_DATA FOR PROCESSING_
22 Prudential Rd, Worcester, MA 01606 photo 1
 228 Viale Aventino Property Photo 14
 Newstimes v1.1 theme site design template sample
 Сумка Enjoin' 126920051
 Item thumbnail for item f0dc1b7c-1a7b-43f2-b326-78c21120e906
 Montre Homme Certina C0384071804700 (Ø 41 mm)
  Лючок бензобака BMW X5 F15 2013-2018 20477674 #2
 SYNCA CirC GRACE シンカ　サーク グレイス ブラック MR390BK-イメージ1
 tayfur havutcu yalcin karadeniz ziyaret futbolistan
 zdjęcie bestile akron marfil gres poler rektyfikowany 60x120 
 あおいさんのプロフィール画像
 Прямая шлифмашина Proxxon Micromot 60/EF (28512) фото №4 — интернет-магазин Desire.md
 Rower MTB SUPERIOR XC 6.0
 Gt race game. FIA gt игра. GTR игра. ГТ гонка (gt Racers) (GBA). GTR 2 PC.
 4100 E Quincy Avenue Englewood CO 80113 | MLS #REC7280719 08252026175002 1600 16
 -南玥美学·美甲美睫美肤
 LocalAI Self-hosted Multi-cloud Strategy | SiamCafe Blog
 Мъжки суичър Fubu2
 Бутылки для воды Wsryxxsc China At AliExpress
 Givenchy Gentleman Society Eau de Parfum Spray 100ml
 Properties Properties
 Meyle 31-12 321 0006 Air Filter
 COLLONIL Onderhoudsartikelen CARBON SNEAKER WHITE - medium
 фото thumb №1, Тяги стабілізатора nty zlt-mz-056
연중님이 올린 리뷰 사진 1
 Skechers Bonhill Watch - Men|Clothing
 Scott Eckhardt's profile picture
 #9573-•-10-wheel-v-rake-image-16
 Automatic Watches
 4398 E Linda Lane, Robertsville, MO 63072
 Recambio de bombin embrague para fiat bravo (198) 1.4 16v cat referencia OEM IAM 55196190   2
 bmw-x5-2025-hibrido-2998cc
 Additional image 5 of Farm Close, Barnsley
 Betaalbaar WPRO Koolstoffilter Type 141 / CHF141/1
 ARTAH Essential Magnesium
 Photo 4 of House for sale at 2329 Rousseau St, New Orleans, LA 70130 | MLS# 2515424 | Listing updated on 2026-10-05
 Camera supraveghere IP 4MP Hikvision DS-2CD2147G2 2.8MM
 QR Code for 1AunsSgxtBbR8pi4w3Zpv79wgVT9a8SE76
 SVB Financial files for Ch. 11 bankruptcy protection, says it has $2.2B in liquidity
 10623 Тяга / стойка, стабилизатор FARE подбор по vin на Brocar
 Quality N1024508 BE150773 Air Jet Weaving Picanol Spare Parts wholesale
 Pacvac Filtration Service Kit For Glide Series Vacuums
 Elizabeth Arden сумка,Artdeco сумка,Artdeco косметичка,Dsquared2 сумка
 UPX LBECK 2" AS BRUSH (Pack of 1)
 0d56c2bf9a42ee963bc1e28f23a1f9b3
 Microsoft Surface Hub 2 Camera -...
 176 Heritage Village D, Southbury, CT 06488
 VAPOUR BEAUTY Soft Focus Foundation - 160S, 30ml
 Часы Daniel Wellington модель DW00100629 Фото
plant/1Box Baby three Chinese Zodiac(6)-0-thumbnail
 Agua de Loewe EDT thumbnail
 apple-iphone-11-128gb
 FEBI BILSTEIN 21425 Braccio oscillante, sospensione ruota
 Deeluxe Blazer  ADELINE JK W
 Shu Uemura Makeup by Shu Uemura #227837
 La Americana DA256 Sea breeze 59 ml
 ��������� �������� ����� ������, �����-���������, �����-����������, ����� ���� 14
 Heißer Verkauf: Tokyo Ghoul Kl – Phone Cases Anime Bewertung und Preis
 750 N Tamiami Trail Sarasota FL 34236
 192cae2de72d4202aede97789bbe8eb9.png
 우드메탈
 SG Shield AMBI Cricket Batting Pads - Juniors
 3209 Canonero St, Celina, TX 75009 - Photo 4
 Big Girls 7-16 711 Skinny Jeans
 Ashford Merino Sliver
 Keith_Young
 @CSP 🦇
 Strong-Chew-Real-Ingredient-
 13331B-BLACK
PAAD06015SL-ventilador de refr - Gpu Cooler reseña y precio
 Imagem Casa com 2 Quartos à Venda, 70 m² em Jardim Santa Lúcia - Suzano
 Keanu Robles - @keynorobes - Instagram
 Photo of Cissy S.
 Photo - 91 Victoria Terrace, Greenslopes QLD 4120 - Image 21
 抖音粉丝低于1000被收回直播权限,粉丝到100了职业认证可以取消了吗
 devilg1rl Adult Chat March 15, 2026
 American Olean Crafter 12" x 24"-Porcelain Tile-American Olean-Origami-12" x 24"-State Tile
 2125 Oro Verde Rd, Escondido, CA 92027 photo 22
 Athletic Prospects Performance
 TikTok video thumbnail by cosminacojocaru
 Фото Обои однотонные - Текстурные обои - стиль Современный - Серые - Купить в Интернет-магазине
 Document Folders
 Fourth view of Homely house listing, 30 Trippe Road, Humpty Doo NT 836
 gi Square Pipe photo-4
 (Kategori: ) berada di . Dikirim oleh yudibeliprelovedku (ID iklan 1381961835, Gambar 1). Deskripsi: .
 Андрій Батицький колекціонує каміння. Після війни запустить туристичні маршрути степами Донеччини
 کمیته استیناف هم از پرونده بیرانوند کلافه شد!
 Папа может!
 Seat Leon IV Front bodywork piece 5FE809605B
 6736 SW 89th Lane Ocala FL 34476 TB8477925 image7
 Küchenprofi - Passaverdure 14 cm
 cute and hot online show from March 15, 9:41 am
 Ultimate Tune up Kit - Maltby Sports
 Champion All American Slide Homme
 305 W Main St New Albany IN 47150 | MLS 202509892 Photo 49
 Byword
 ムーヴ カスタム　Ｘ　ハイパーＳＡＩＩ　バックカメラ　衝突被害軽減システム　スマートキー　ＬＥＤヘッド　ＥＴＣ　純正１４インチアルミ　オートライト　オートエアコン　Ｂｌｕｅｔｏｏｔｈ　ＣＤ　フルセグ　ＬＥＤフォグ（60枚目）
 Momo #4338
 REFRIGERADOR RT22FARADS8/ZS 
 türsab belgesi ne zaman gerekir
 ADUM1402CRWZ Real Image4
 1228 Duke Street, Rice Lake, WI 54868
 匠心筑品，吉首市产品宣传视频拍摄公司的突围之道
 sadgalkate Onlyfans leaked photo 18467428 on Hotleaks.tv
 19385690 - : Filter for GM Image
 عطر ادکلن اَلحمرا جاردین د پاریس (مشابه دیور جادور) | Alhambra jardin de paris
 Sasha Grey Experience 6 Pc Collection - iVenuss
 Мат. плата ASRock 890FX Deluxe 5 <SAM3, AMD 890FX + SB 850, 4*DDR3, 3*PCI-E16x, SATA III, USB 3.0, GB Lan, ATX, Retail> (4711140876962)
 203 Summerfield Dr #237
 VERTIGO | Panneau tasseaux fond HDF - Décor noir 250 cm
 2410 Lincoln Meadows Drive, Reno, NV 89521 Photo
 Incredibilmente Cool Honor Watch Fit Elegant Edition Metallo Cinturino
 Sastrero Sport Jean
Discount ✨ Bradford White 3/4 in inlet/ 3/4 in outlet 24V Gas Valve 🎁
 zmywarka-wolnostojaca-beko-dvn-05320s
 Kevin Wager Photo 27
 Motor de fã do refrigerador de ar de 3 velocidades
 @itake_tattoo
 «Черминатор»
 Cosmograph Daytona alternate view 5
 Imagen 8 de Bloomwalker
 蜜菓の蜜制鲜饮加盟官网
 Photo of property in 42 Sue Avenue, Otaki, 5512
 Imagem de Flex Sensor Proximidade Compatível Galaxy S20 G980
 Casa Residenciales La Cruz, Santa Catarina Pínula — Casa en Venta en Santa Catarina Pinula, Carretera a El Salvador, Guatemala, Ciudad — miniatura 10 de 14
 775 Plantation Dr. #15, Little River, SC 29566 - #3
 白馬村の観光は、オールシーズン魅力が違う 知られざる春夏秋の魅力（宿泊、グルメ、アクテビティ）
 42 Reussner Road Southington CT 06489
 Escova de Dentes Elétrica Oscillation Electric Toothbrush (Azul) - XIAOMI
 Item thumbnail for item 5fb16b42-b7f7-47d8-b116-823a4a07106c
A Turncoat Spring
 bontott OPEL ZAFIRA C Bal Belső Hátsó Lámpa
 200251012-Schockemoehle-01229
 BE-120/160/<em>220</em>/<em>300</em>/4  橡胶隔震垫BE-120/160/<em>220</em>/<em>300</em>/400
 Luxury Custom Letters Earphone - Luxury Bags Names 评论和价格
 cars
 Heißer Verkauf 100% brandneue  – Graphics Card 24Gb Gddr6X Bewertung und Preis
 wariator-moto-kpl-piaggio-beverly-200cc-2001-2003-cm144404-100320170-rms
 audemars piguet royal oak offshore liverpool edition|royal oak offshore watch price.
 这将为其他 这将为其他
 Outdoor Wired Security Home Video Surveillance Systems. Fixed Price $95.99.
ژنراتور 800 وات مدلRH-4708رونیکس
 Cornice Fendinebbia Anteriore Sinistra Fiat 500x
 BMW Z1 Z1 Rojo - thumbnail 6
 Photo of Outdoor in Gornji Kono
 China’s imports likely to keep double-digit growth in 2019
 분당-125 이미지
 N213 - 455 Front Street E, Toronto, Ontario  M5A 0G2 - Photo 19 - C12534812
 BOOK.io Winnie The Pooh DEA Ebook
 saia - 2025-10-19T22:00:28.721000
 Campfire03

_TASK REQUIREMENTS_
All lines with the word "Camera" are needed; pull them from the entries and copy each.

_ANSWER BOX_
 Camera supraveghere IP 4MP Hikvision DS-2CD2147G2 2.8MM
 Microsoft Surface Hub 2 Camera -...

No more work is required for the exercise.